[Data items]

———

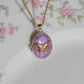 Purple Butterfly Personalized Photo Locket Necklace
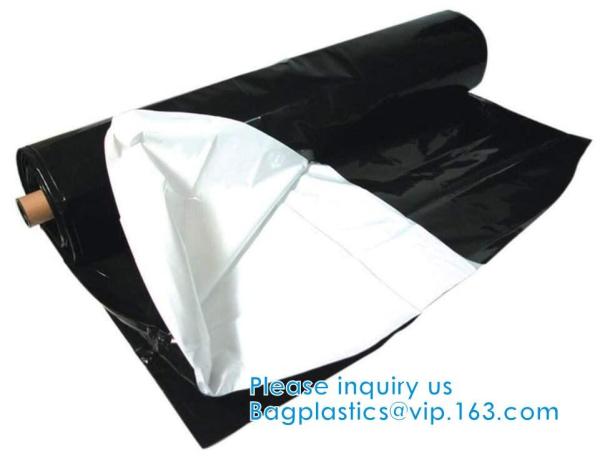 Black & White Poly Film  Panda Poly Film Light Deprivation Greenhouse Cover UV Treated Horticulture Poly Film Sheeting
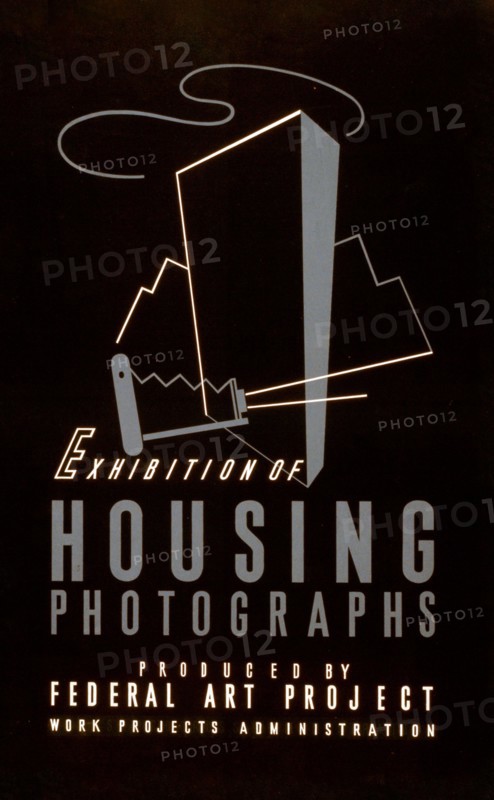 Exhibition of housing photographs Produced by Federal Art Project, Work Projects Administration circa 1939.
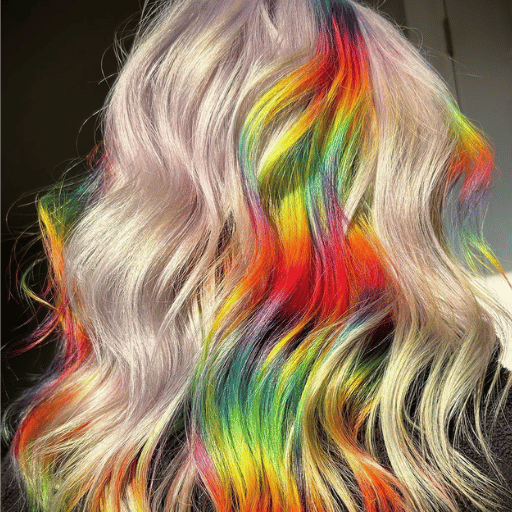 All over Hair Color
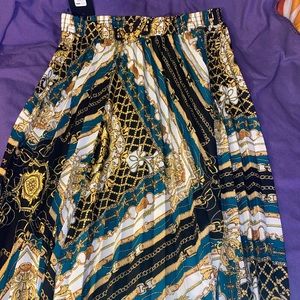 Fashion Nova Long Pleated Skirt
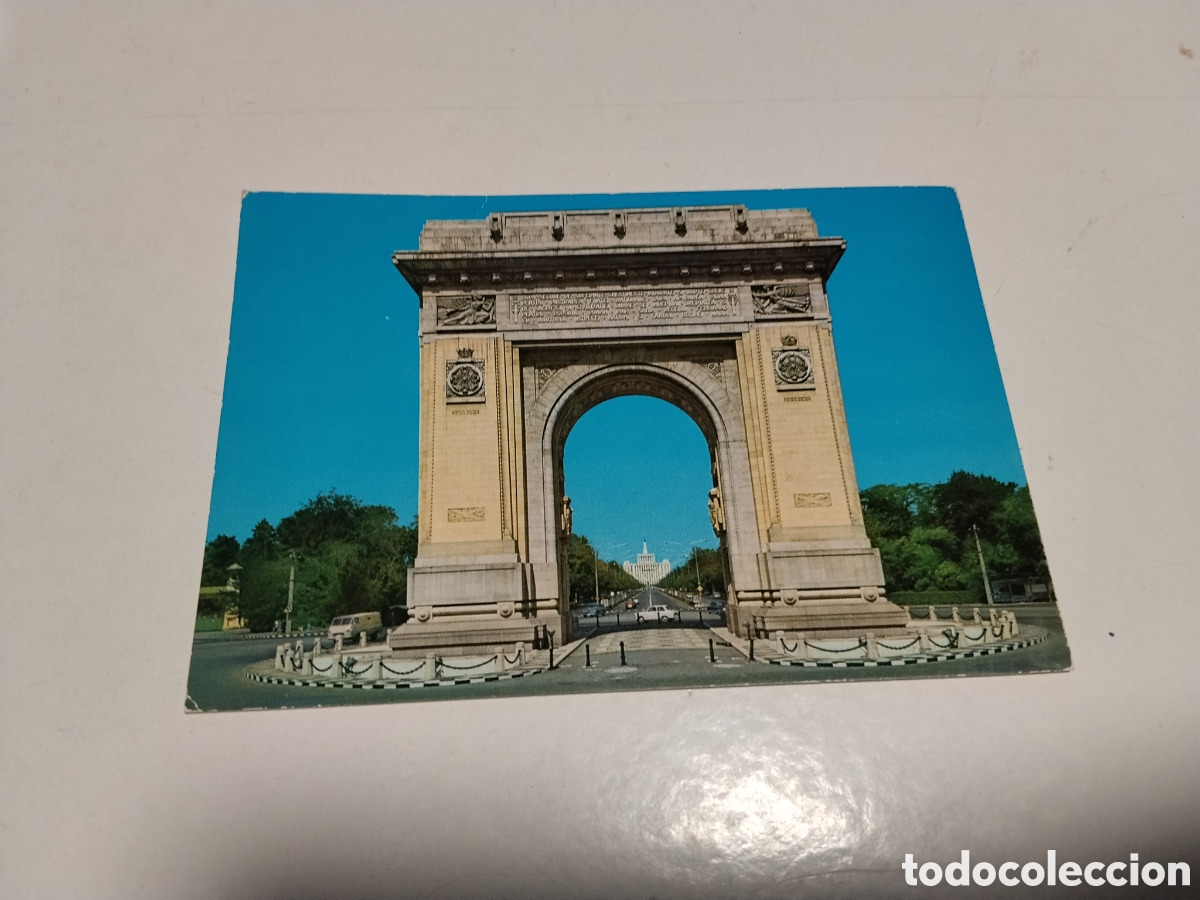 Postales: Postal Romania Bucuresti - Arcul de Triumf
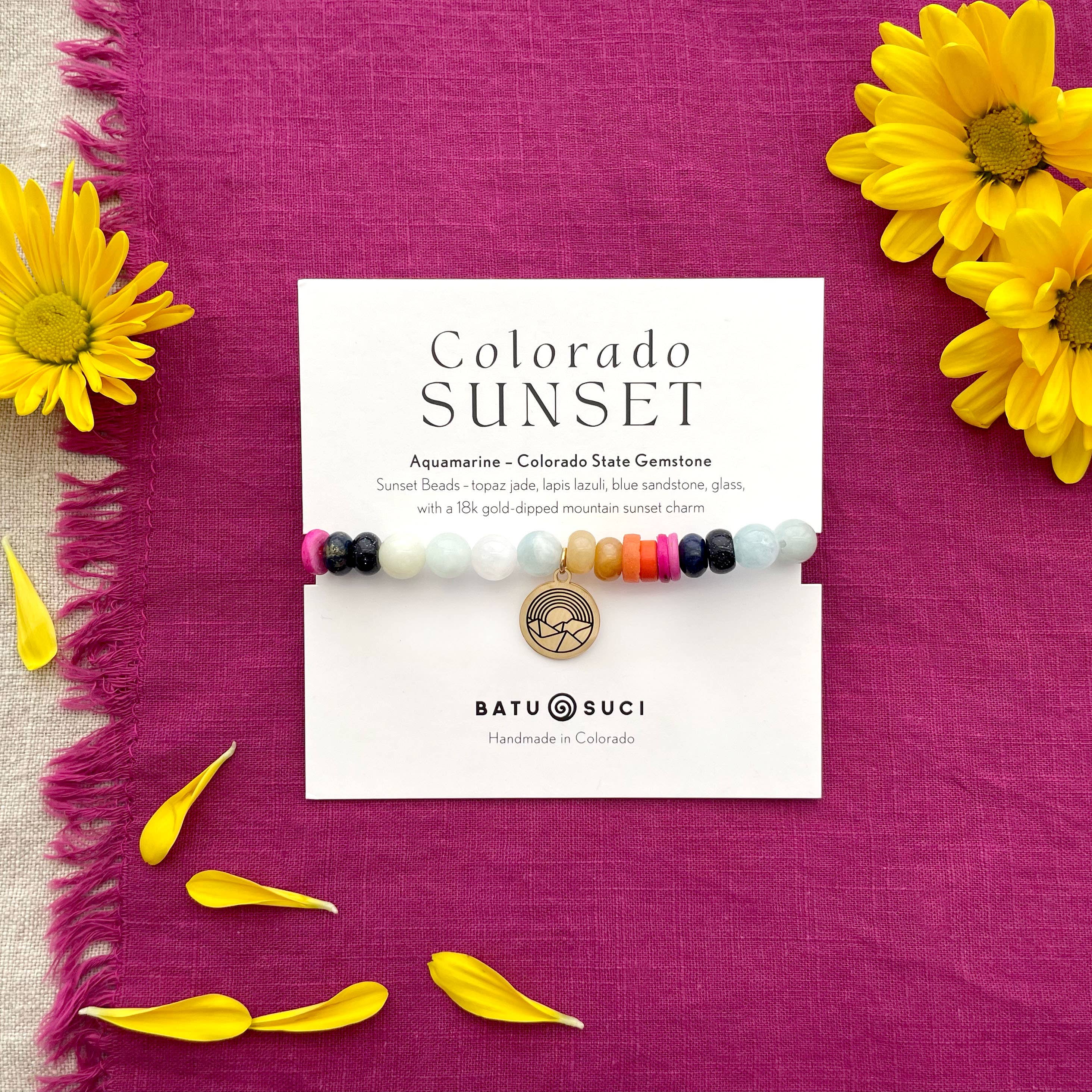 Colorado Sunset Bracelet  |  Souvenir Gemstone Bracelet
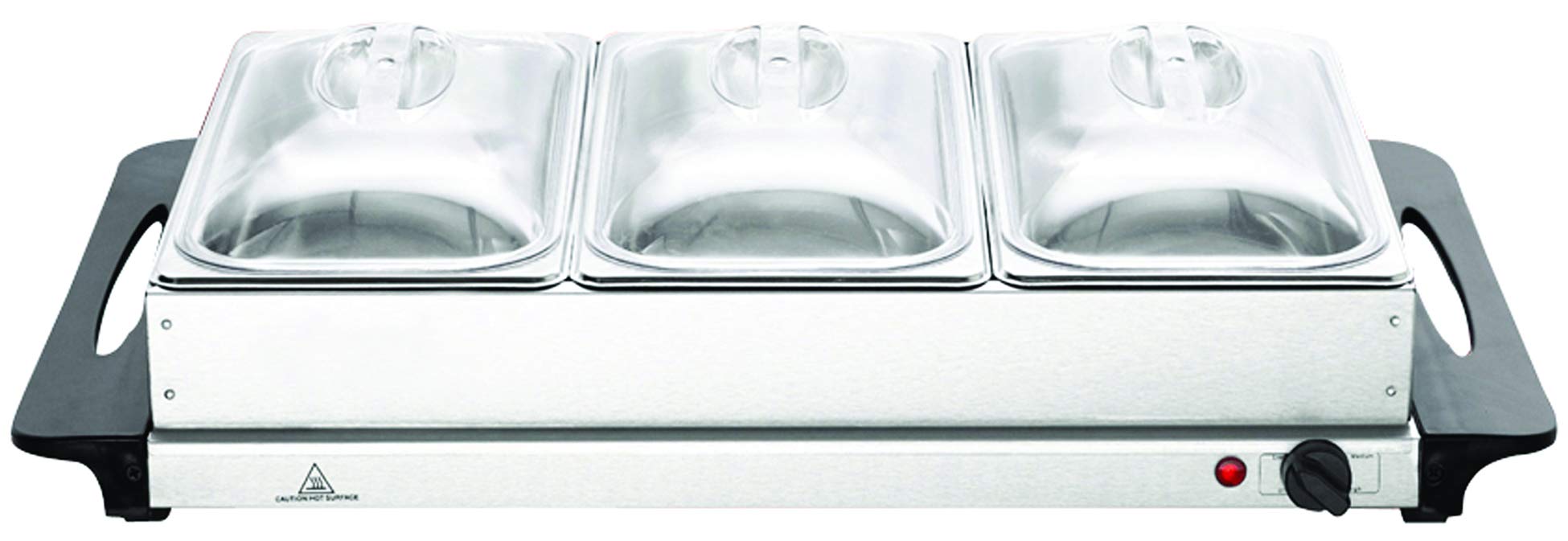 Kingavon BS100 3-Pan Stainless Steel Buffet Server and Warming Tray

———

◆ **Task requirements**
Reproduce exactly, and only, the lines from the one containing "Colorado Sunset Bracelet" through the last line of the records above, both included, leaving out any pictures.

◆ **Response to this task**
 Colorado Sunset Bracelet  |  Souvenir Gemstone Bracelet
 Kingavon BS100 3-Pan Stainless Steel Buffet Server and Warming Tray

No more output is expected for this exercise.